What causes people to buy the things they need? It’s a question marketers have been trying to answer forever. In recent years, illuminating new information has come to light about the relationship between advertising, what makes people buy, and the way they feel, AKA their emotions.

The most successful small businesses have learned the most effective form of advertising is emotion-centric and geared towards getting people to feel a certain way. This is because consumers tend to rely on their emotions to make buying decisions, instead of logical facts and information. 

The dichotomy between logical versus emotional buying decisions is further explored by the concepts of red brain and green brain marketing.

Red brain marketing

This is focused on the “logical” side of sales – hard facts like product/service features, instructions, methodology, and price. However, much like a stoplight in traffic, red brain marketing can compel the brain to halt and procrastinate over decision making, increasing buyer resistance. The buyer gets too caught up in trying to justify the purchase instead of focusing on the transformation that will occur in buying your product/service.

Green brain marketing

This uses real emotions and genuine human experience to encourage consumers to make a buying decision – and it works! Here you make your ideal client feel something instead of just feeding them information. When you are able to market your business in a way that appeals to your customer’s feelings, creativity, and imagination, your ideal customer will feel empowered into making a decision.

Five key emotions used in marketing

Happiness: Brands associated with happy customers and positivity have proven appeal. Positive, upbeat language and promotional materials (including photos of smiling customers) are two ways brands speak to “happiness”.

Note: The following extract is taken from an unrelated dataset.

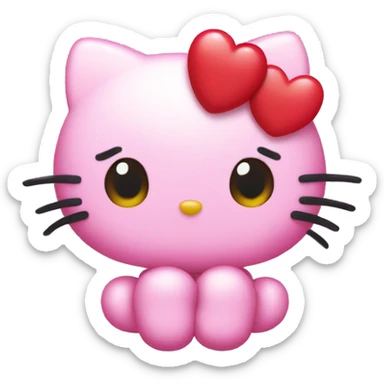 hello kitty witn hearts  sticker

Sadness: Marketing that tugs at a consumer’s heartstrings can be incredibly powerful. Think touching commercials about animals in shelters that need homes, complete with sad musical overlay!

Fear:
This creates urgency and prompts us to take action, to change something so that we can avoid a dreaded or undesired consequence.

Surprise: Advertisers turn to surprise when they want to capture audience attention and establish a strong brand impression. Often we care about getting something unexpectedly – especially if it’s something unexpectedly enticing!

Anger: It might seem counterintuitive to evoke feelings of anger or disgust when you are trying to sell a product/service, but when done strategically, it can be powerful. Your target audience may be incensed enough to make a move. For example, showcasing graphic images of smokers’ lungs in an effort to ‘disgust’ viewers into quitting smoking and buying nicotine patches.

How to incorporate green brain marketing into your existing strategy

While there’s a time and place for red brain marketing, green brain marketing will help you drive sales on a deeper, more widespread level. Consider these strategies:

Be intentional with your messaging

Review your content (both written and video) with an emotional eye. Your tone should be less formal and geared towards creating a friendly rapport with your audience. Pepper the entire customer journey with customer-centric, relatable language and imagery.

Know your audience’s pain and pleasure points

  • Ask what does your audience want out of life?
  • How can your service or product help them get it?
  • What would make your target consumer sad? 
  • What would shock or scare your target consumer into taking action?
  • What would make your target consumer angry?
  • How can you tap into this anger without creating controversy or resistance?
Don’t ignore red-brain marketing completely

Sometimes, logic and emotion go hand-in-hand. Aim to balance the two sides to resonate with your target audience. To follow this rule, try and combine every red brain appeal or fact with greenery. Always question how your customer is feeling, and how your product or services helps to solve their problems.